So the new app I downloaded was more effective than the last, but still not quite what I was looking for.
On the plus side, it definitely got more words correct than the other one. And it didn’t spontaneously rearrange my paragraphs. So, yay!
On the negative side, the app was designed more for making notes than for long-form dictation. Every time I so much as took a breath, the app would stop taking dictation and I’d need to press the microphone button. And, furthermore, if there’s any way to get those notes off of my phone and onto my computer, I haven’t figured it out.
So, the search continues.
I’m not getting very far on that book on Belle Gunness so I was going to talk a bit about the book I read before that, The Authenticity Project (the easiest Gratuitous Amazon Link ever, maybe because this time it’s not really that gratuitous) by Clare Pooley.
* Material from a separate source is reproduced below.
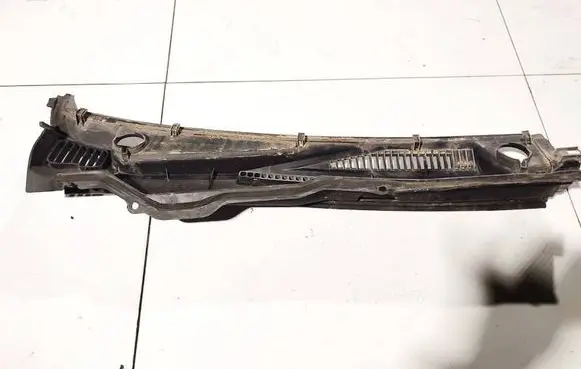 Suzuki Grand Vitara II Wiper trim 7732765j0
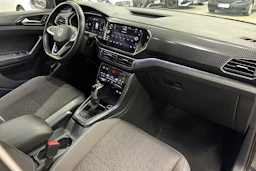 harmaa Volkswagen T-Cross 2022 kuva 24.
Our protagonist is woman named Monica (what’s Monica’s last name? Do we find out? Crap. Now I’m going to have to reread and see what it is*) who runs a cafe in London.
One day at work Monica finds a notebook with the words “The Authenticity Project” written on it. Inside the book are the words of an artist named Julian Jessop who was once fantastically successful but who disappeared from public life 15 years ago. He writes that he feels that people are too busy trying to project this image of perfection and he hopes that people who find this book will use it to tell their truths and maybe that truth will, as the saying goes “set them free.” He tells his future readers that his wife died and afterwards he lost the desire to make art. His friends have died one by one and now he’s elderly and alone.
Monica writes her truth (that despite her financial success at her previous career and her lovely cafe, she longs to find a husband and start a family) in the book, leaves the book in a wine bar, and sets out to improve Julian’s life.
Over the course of the book, we accumulate six POV characters and an assortment of supporting characters and, one by one, we find that maybe their lives aren’t as wonderful as they appear on the outside. But together, they do make something terrific.
The characters were engaging and I loved watching them come together from so many individuals experiencing various forms of loneliness to form a group of friends.
One of the subplots is about how people’s lives always look more perfect online than they are in real life. I don’t know what kind of online friends Pooley has, because my online friends, well, if they’re making their lives look better online, I pity them. One friend, for example, had been struggling to make her marriage work and just as she decided that, as much as she loved him, it wasn’t ever going to work, he died. For real. I’m no longer close enough to her to feel comfortable asking how he died. I think it might have been an accident.
As much as I loved this book, I don’t think it’s one of those that I’d need on a desert island, so I gave it four stars, and I really wish they had a ten-point system, because this may even deserve four and a half.
*I skimmed about 1/3 of the book with no sign of a last name for Monica. I have the idea that it’s Charles. But don’t quote me on that.